The young De Cespedes brothers were among 14,000 `Pedro Pans' airlifted to Miami in 1961. They soared in exile -- but at a cost.

COLUMN ONE

February 19, 2007|Carol J. Williams, Times Staff Writer

Florida City, Fla. — EIGHT-year-old Jorge de Cespedes was scared, lonely and heartbroken, but he was making a killing in wholesale.

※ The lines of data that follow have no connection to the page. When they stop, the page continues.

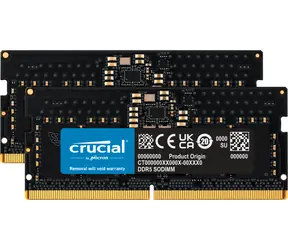 Crucial 16GB (2x8GB) 4800MHz / DDR5 / SO-DIMM / CL40 / 1.1V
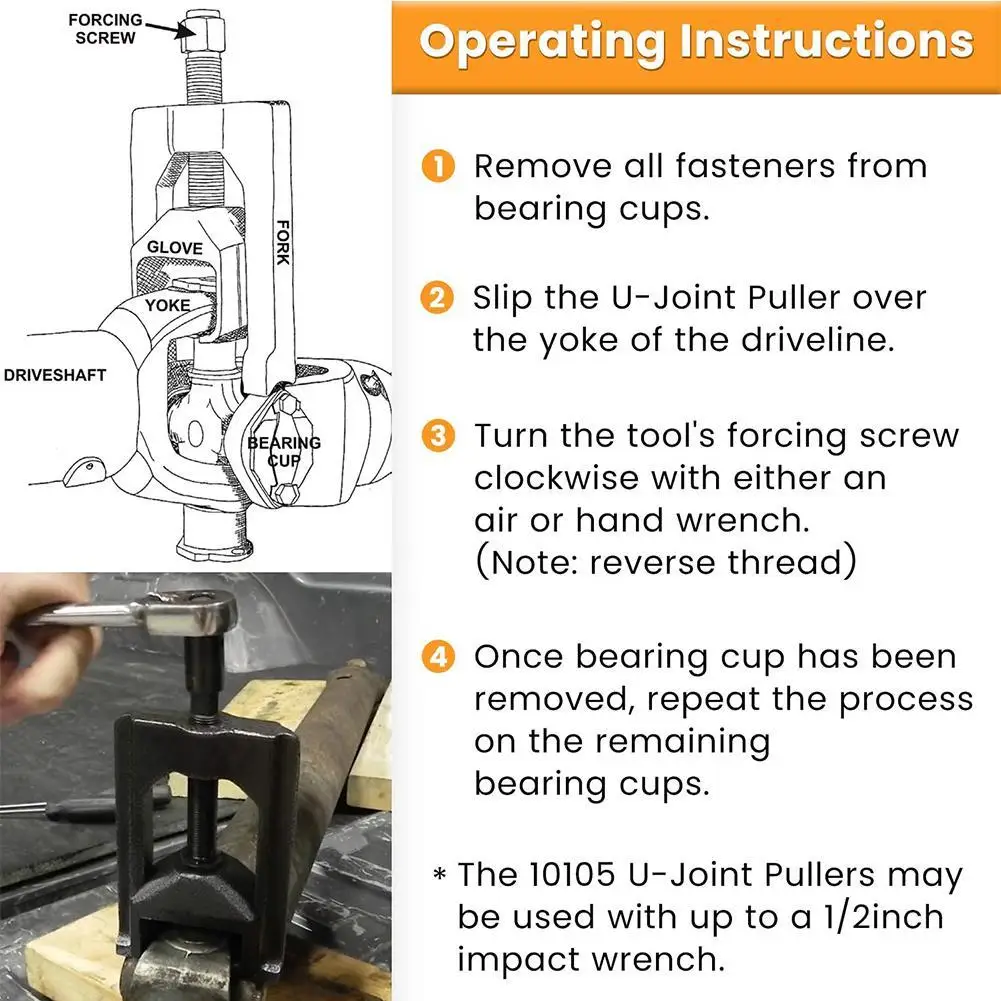 

Universal Car Joint Puller Tool Propshaft Seperator Splitter Remover Fully Adjustable Assembly Tool Dropshipping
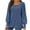 B-Navy, variant on WREESH Women's Solid Color Knit Sweater Soft Puff Long Sleeve Shirts Lightweight Square Neck Casual Tunic Tops Khaki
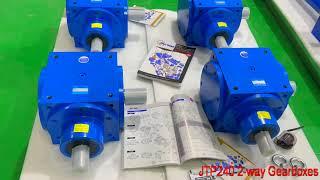 90 degree transmission gearbox - JTP240 - 90° 1:1 right angle bevel gearbox - gearbox 2 way shafts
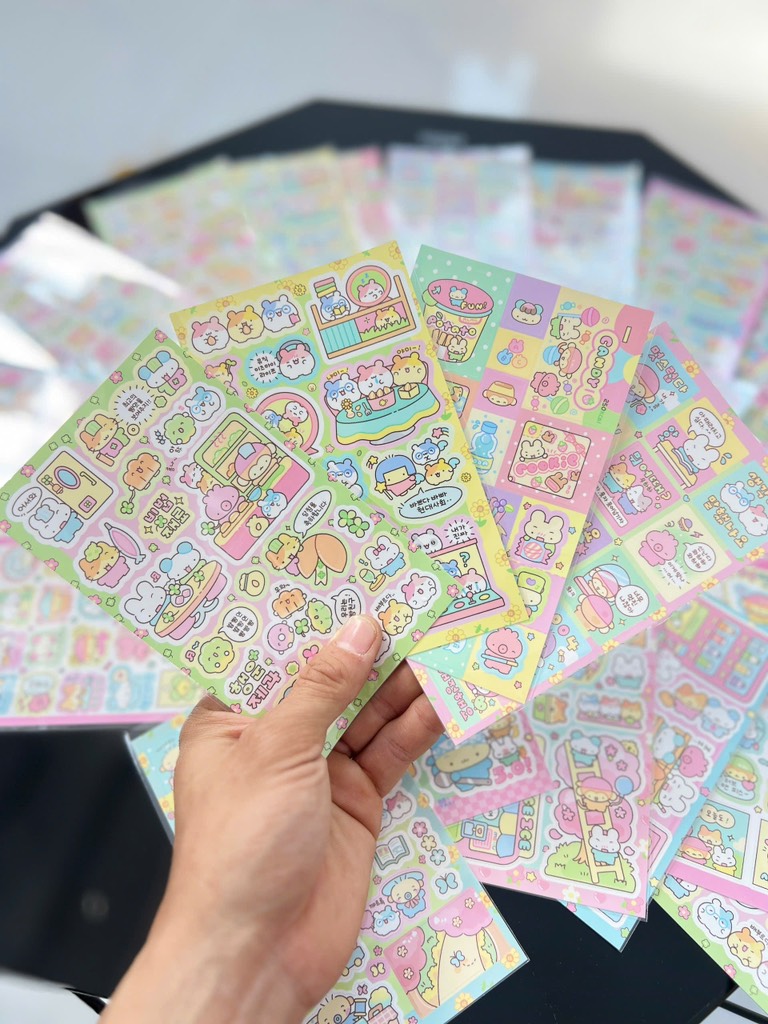 Set 10 Sticker Thú Cute RC3962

It was 1961, and the place was a sweltering, insect-plagued refugee camp on the edge of the Everglades. For Jorge and his 11-year-old brother, Carlos -- and 14,000 other Cuban children over the next 20 months -- the camp was their first stop in the United States after fleeing Cuba through a secret U.S. funded airlift dubbed Operation Pedro Pan.


For The Record
Los Angeles Times Wednesday February 21, 2007 Home Edition Main News Part A Page 2 National Desk 1 inches; 54 words Type of Material: Correction
Operation Pedro Pan: An article in Monday's Section A about Cuban children airlifted to Miami in the early 1960s said Havana's La Salle Academy -- one of the private schools closed when Fidel Castro nationalized education -- was Jesuit-run. The academy was run by the De La Salle Brothers, another Roman Catholic teaching order.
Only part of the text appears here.